Are you providing seperate paths for COCO_PATH and COCO_PATH_VAL in config file or are you giving empty string for the COCO_PATH_VAL variable and let the training script handle the train-val split?

BernhardGlueck commented 4 years ago

The same, i let the training script handle the split

fcakyon commented 4 years ago

I have just tried a training with a minimal dataset of 8 images with different config combinations on Linux and Python 3.6 with a conda environment and did not receive any errors on the evaluation step. Are you sure that all image, annotation and category ids are properly arranged in your coco dataset file?

Because the error message you are sending is related with an inconsistency between evalImgs and imgIds properties of the COCOeval object, you can see the related line here.

fcakyon commented 4 years ago

The same, i let the training script handle the split

By the way you should keep COCO_PATH_VAL as an empty string ("") if you want the script to handle the split. If you put the same path for both COCO_PATH and COCO_PATH_VAL, full dataset would be used during the training and evaluation, which would be wrong.

BernhardGlueck commented 4 years ago

Thats my config.yml:

Random seed to reproduce the results

SEED: 999

Directory to data

DATA_ROOT: "datasets/field"

Path to annotation file (should be in coco object detection format)

COCO_PATH: "datasets/field/index2.json"

Directory to validation data root (optional)

DATA_ROOT_VAL: ""

Path to coco annotation file for validation data (optional)

COCO_PATH_VAL: ""

Training model checkpoints and losses will be saved in the folder experiments/EXPERIMENT_NAME/

EXPERIMENT_NAME: "exp1"

Path to the model to be used during predict

MODEL_PATH: "experiments/exp1/maskrcnn-best.pt"

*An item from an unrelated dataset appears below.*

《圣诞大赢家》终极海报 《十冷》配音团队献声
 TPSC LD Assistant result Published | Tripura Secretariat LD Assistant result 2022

Optimizer name ("sgd", "adam", "adabound", "lamb" or "radam")

OPTIMIZER_NAME: "sgd"

For more info on the optimizer params:

https://pytorch.org/docs/stable/optim.html

https://pytorch-optimizer.readthedocs.io/en/latest/?badge=latest

OPTIMIZER_WEIGHT_DECAY: 0.0005 OPTIMIZER_MOMENTUM: 0.9 OPTIMIZER_BETAS: [0.9, 0.999] OPTIMIZER_EPS: 0.00000001 OPTIMIZER_AMSGRAD: False OPTIMIZER_ADABOUND_GAMMA: 0.001 OPTIMIZER_ADABOUND_FINAL_LR: 0.1

Optimizer learning rate

LEARNING_RATE: 0.0001

Optimizer learning rate schedule parameters

LEARNING_RATE_STEP_SIZE: 3 LEARNING_RATE_GAMMA: 0.1

Number of trainable (not frozen) resnet layers starting from final block (btw 0-5)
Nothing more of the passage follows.